9. It’s critical that you are wary of self-promoters, people who blow their own horn so much.

 

It’s not a secret that Yahoo has had a string of bad chief executives over the years. Its current CEO Marissa Mayer shares key traits with other leaders of failed companies—she is really, really good at the business of self-promotion with little to show for it, according to Ted Prince, CEO of the Perth Leadership Institute, and author of “The Three Financial Styles of Very Successful Leaders.” Apparently, that’s how Mayer has managed to remain at the helm of Yahoo after continuously failing to turn the company around for four straight years since she took over in 2012. 

“How many people are out there like Marissa Mayer?” Prince asks in The Balance. “How many CEOs are you aware of who might be highly articulate, but who are nonetheless just corporate bureaucrats with big talk and great body language? All hat and no saddleas the saying goes.”

Even after Mayer eloquently articulated how Yahoo had to become a mobile ad company, the company was still doing a thousand things besides that. There never seemed to be any real focus on mobile.

 

10. It’s incumbent on you to find new streams of revenue besides digital-ads now.

 

In an article in The Atlantic, writer Adrienne LaFrance warns that Yahoo’s demise is a signal that web-native companies are next. That’s because Facebook and Google have gobbled up all the digital ad revenue, leaving nothing for other businesses clamoring for a share of the revenue.

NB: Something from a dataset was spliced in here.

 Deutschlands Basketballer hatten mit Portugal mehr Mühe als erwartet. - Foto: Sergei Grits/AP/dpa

Together Facebook and Google command the lion’s share (up to 99 percent) of global digital-ad dollars. That’s 54 percent of the pie for Google, 45 percent of it for Facebook and 1 percent for everybody else, as per data analysis by the Interactive Advertising Bureau, a trade group for advertisers.

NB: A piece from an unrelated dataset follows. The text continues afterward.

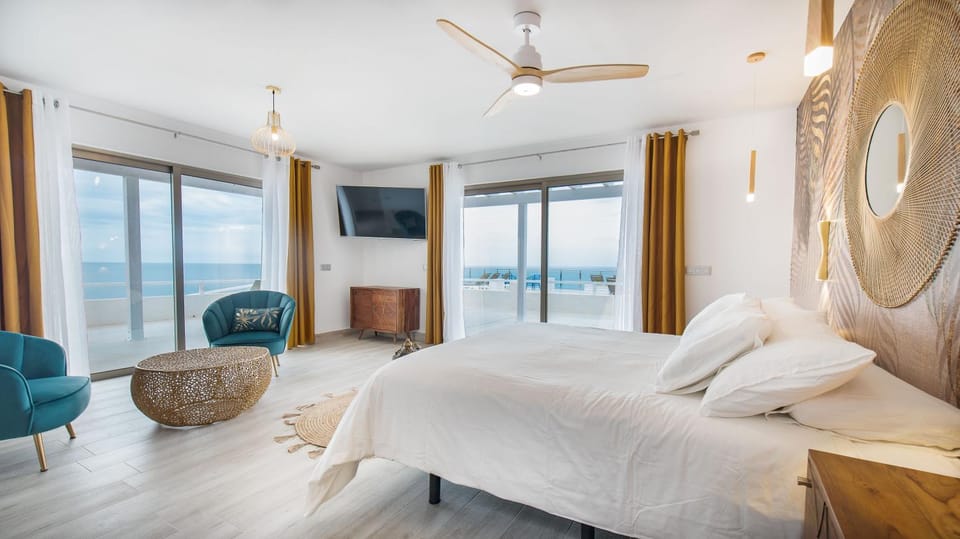 Photo of the whole room, Bedroom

“The ad-tech market will go the way of search, social and mobile as investors and entrepreneurs concede that Google and Facebook have won and everyone else has lost,” adds venture capitalist and blogger Fred Wilson in a January blog entry projecting what’s going to happen in 2017. “It will be nearly impossible to raise money for an online advertising business in 2017.”

If you run a business that heavily relies on digital-advertising for its revenue generation, you need to find new streams of revenue now. But it may already be too late, LaFrance says.